Hi Kedro team! I am thinking of streamlining a par...
# questions
g
Hi Kedro team! I am thinking of streamlining a part of a project, using kedro-datasets and OmegaConfigLoader. However, my raw datasets are mainly time-series, that are updated every day with a new value (in a proprietary storage database which i have to query). I would like to ask if you have any advice on best practices, concerning handling the (natural daily) extension of the time-series data, so as to avoid re-querying the database for dates calculated, but also to maintain reproducibility of the project. (For brevity of this post, i have added more information in the first comment)

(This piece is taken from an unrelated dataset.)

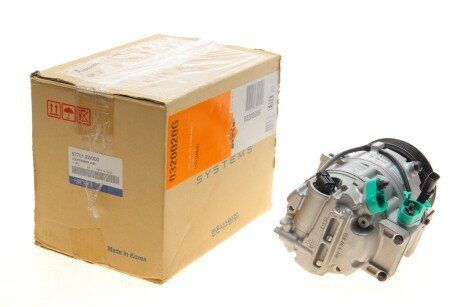 Компресор кондиціонера Hyundai Santa Fe III 2.0CRDI/2.2CRI 12- (opt-om) NRF 320020G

For example, i could have a parameter such as "end_date", to run the project on a specific date range, but as soon as the end_date is updated (or set to "today") i would like to be able to read any datapoints already saved (like a cache system) and just extend for the new dates in the date range. Does something like that exist already? Would you perhaps know of any such implementations?
d
The concept of
IncrementalDataset
exists, but it's designed for a file-based dataset: https://docs.kedro.org/en/stable/data/partitioned_and_incremental_datasets.html#incremental-datasets That said, I think it could be extensible to handle a time partition from a database. I don't think there's anything built into Kedro (yet) for incremental processing from a database, but I actually could be wrong here, as I haven't kept abreast of developments in this space (and generally have poor memory).
n
Hi Kedro team! I am thinking of streamlining a part of a project, using kedro-datasets and OmegaConfigLoader.
Are you using Kedro Project or just
kedro-datasets
and the config loader?
g
Thank you @Deepyaman Datta. I will look into it. @Nok Lam Chan i havent yet started with the implementation, i am moreso in the "thinking"/mental-modelling phase. What are your thoughts?